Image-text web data
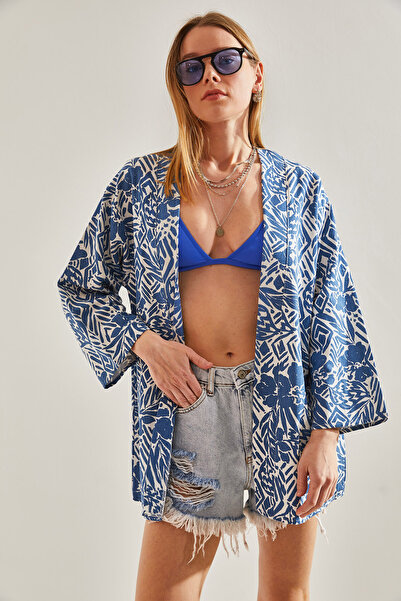 Bianco Lucci Kimono pentru femei cu modele multiple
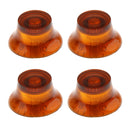 4x Top Hat Bell Style Guitar Knobs for Gibson Les Paul LP Guitar Parts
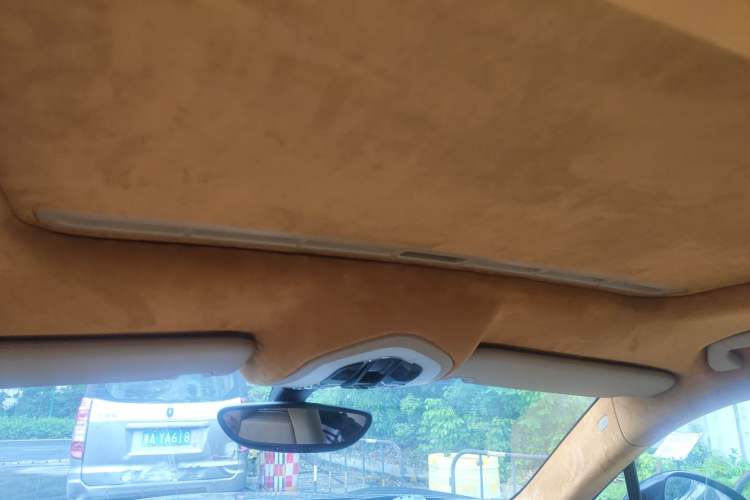 Used Porsche Panamera 2013 Panamera 4 Platinum Edition 3.6L Headliner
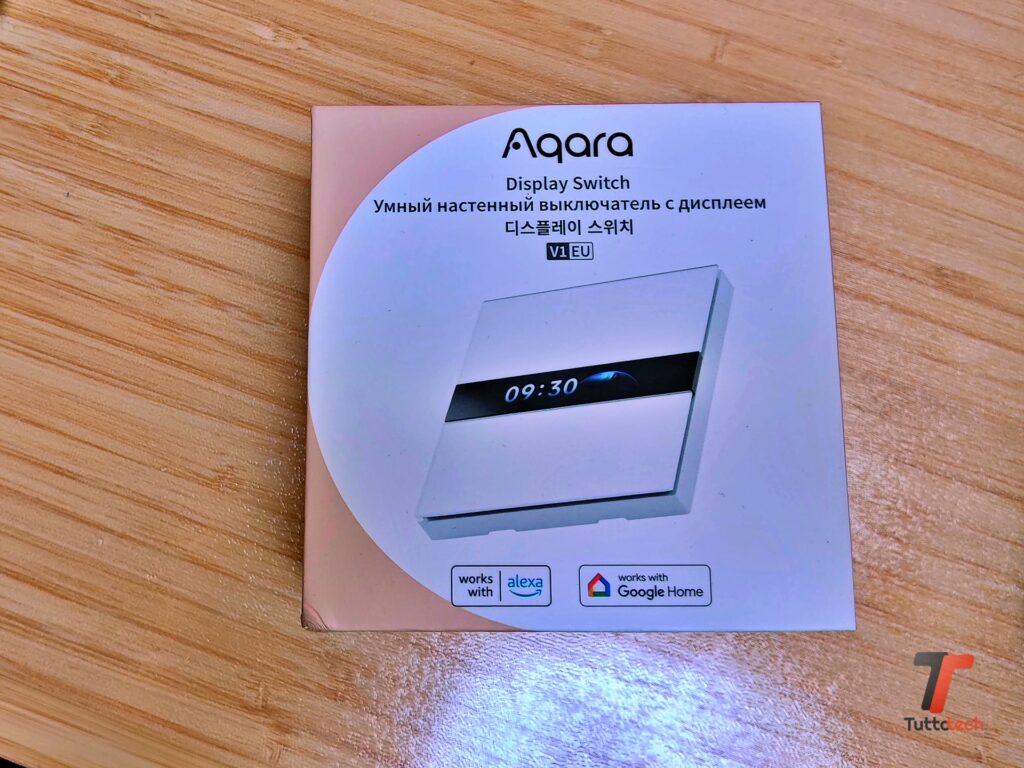 Aqara Display Switch V1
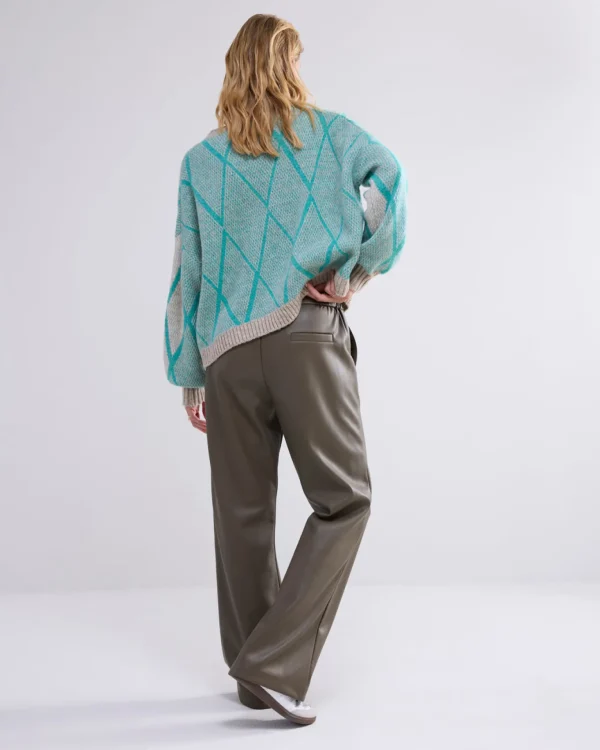 Flared Broek>Summum Fashion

## Exercise aim
Please repeat every record above exactly, leaving the pictures out.

## Response area
 Bianco Lucci Kimono pentru femei cu modele multiple
 4x Top Hat Bell Style Guitar Knobs for Gibson Les Paul LP Guitar Parts
 Used Porsche Panamera 2013 Panamera 4 Platinum Edition 3.6L Headliner
 Aqara Display Switch V1
 Flared Broek>Summum Fashion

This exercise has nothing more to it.